I have a classification problem. The actual outcomes are binary (0 or 1), but I want to predict probabilities, rather than predicting simply 0 or 1. I also want something with feature selection, since there are a lot of predictors. One approach that I want to try is L1-regularized logistic regression (specifically this implementation in statsmodels). One has to find a value for $\alpha$, the weight of the L1-regularization. I plan to do this in the following way:
Select some potential values of $\alpha$, say 0.001, 0.01, 0.1, 1, 10 and 100.
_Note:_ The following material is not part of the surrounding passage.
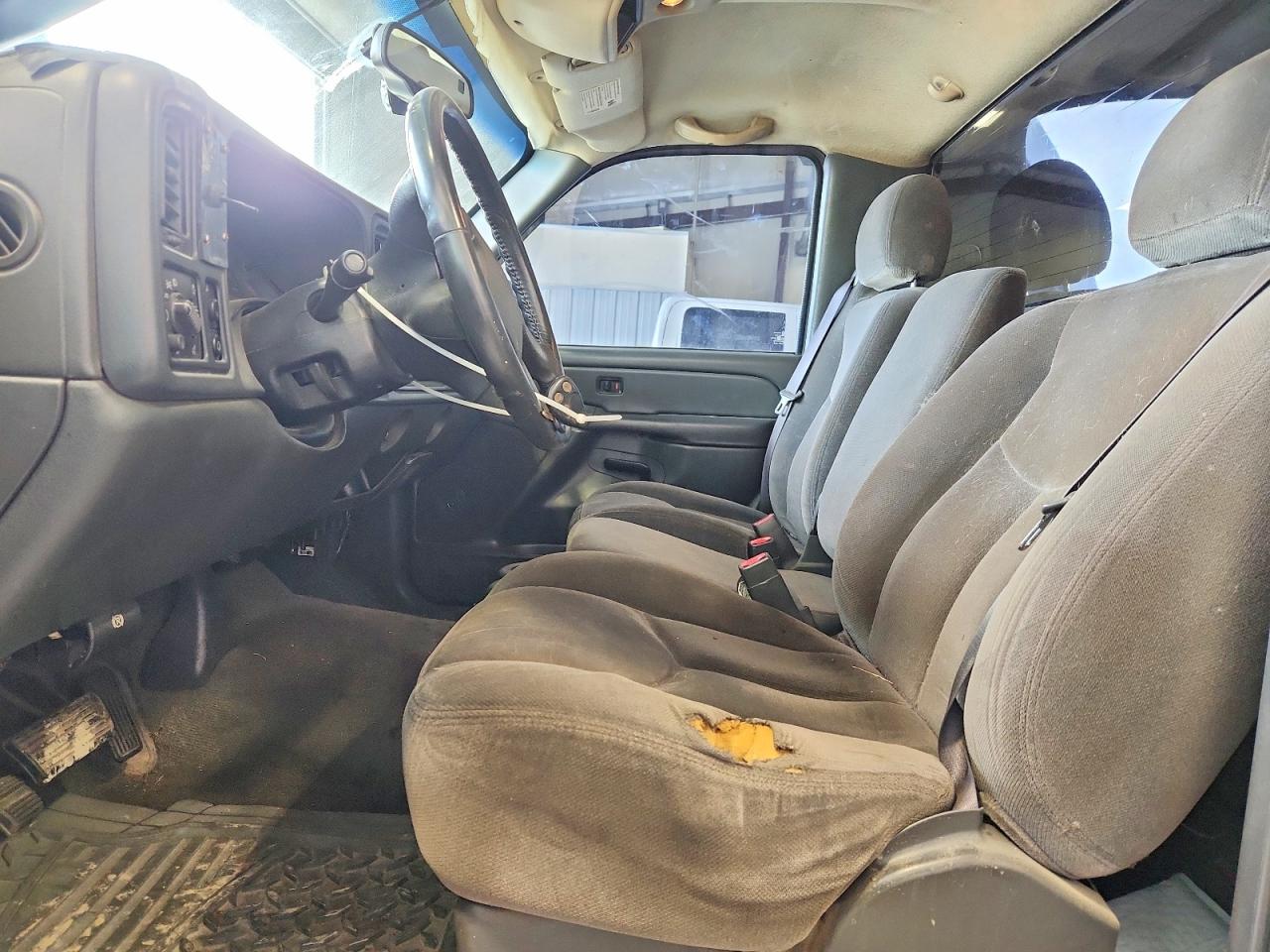 2004 GMC SIERRA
Employ 5-fold cross validation: Fit the model on the union of the four training folds (using the aforementioned method) and then calculate the mean absolute error (MAE) on the test fold. A toy example: If the actual outcomes in the test fold are [1, 0, 1, 0] and the predicted probabilities are [0.9, 0.2, 0.8, 0.7], then the MAE is 0.2 (= (0.1 + 0.2 + 0.2 + 0.7) / 4).
Repeat step 2. for each of the five cross-validation runs and then calculate the mean MAE. A toy example: If the MAEs of the cross-validation runs are 0.2, 0.1, 0.3, 0.3 and 0.1, then the mean MAE is 0.2 (= (0.2 + 0.1 + 0.3 + 0.3 + 0.1) / 5).
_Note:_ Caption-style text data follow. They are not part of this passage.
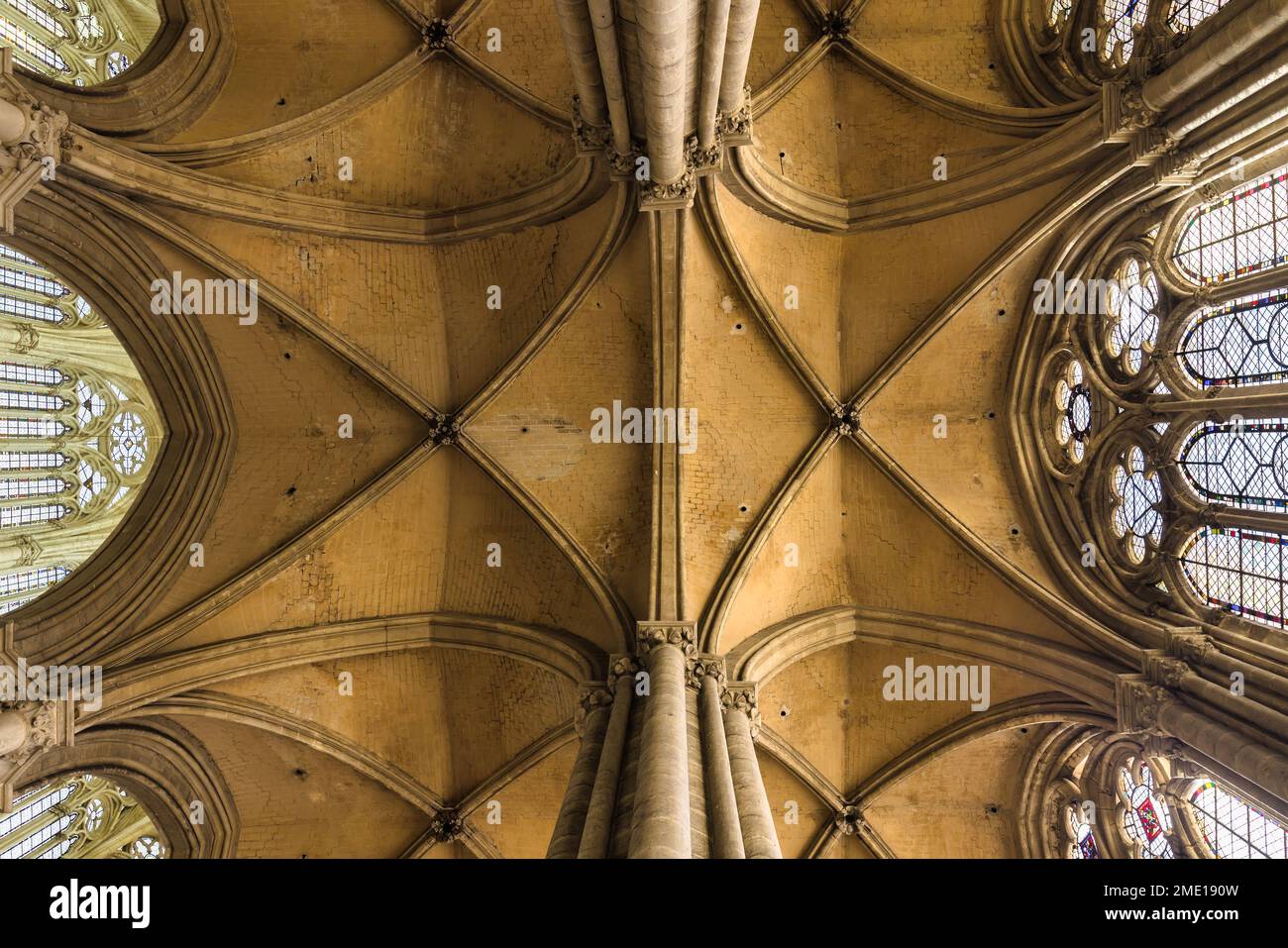 Amiens, France - 28 septembre 2022 : vue intérieure de la célèbre cathédrale d'Amiens. La cathédrale est le siège de l'évêque d'Amiens et est classée comme un Banque D'Images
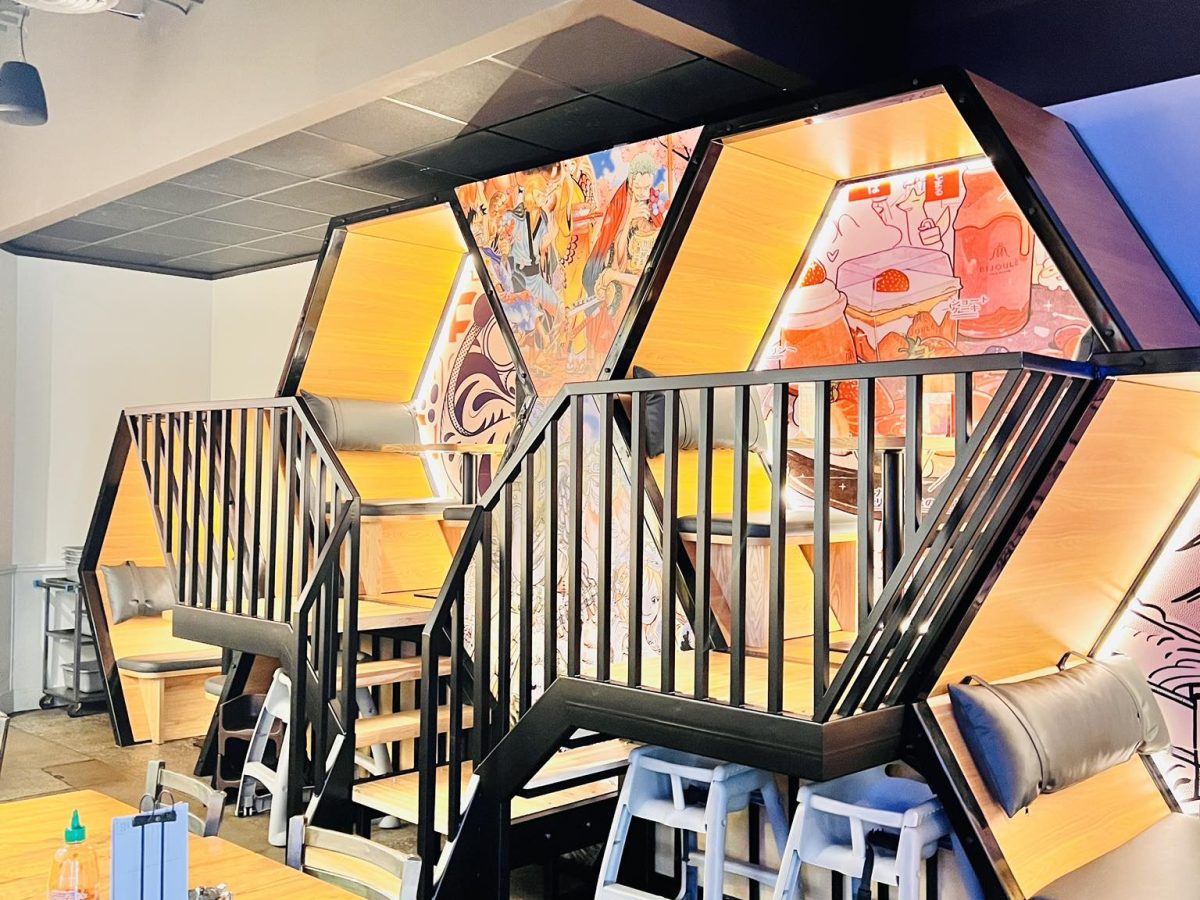 kobe-ramen-booths.jpg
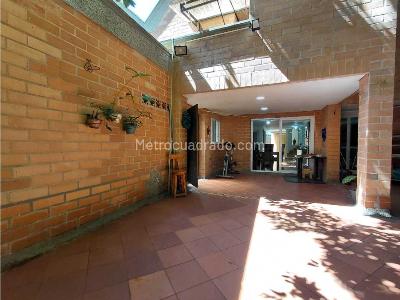 Casa de 4 alcobas en venta en El Poblado, Medellín, 220 m² · foto 9 de 20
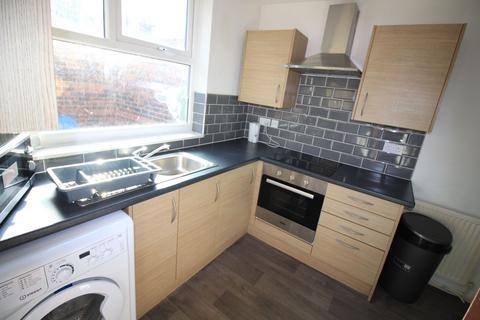 3 bedroom terraced house to rent, Mackenzie Road, Salford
Repeat steps 2. and 3. for each value of $\alpha$ given in step 1.
Choose the value of $\alpha$ with the least mean MAE.
Is this a sensible approach? Is it theoretically sound or would an information criterion such as the AIC be better? There is this nice guide from sklearn, but it is for linear regression, rather than logistic regression; in any case, they use the mean squared error. The AIC takes the number of parameters into account (the fewer the better), but the cross-validation approach does not. Since I want feature selection, I would be willing to sacrifice some predictive accuracy for the sake of having fewer features in the model.
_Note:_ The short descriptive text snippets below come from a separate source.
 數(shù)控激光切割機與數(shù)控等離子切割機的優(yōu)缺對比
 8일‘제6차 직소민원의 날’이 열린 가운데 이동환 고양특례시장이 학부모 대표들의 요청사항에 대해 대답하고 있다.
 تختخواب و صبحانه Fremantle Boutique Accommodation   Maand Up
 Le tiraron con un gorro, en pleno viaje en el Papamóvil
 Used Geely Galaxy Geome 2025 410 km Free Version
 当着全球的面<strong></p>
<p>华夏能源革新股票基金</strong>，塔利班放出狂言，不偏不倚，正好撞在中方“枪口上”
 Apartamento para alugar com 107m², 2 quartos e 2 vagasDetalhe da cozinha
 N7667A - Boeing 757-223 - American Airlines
To give a rough picture: The data contains approximately 120 features and 10000 rows. I have scaled the data. And to avoid any confusion: The approach uses the MAE only for hyperparameter tuning, not for the model fitting itself.
EDIT: Another potential approach would be calculate the likelihood of the test-fold predictions:
$$ \prod_{\text{outcome is 1}}\text{predicted probability} \; \times \prod_{\text{outcome is 0}}1 - \text{predicted probability} $$
Would this be a better scoring method than the MAE?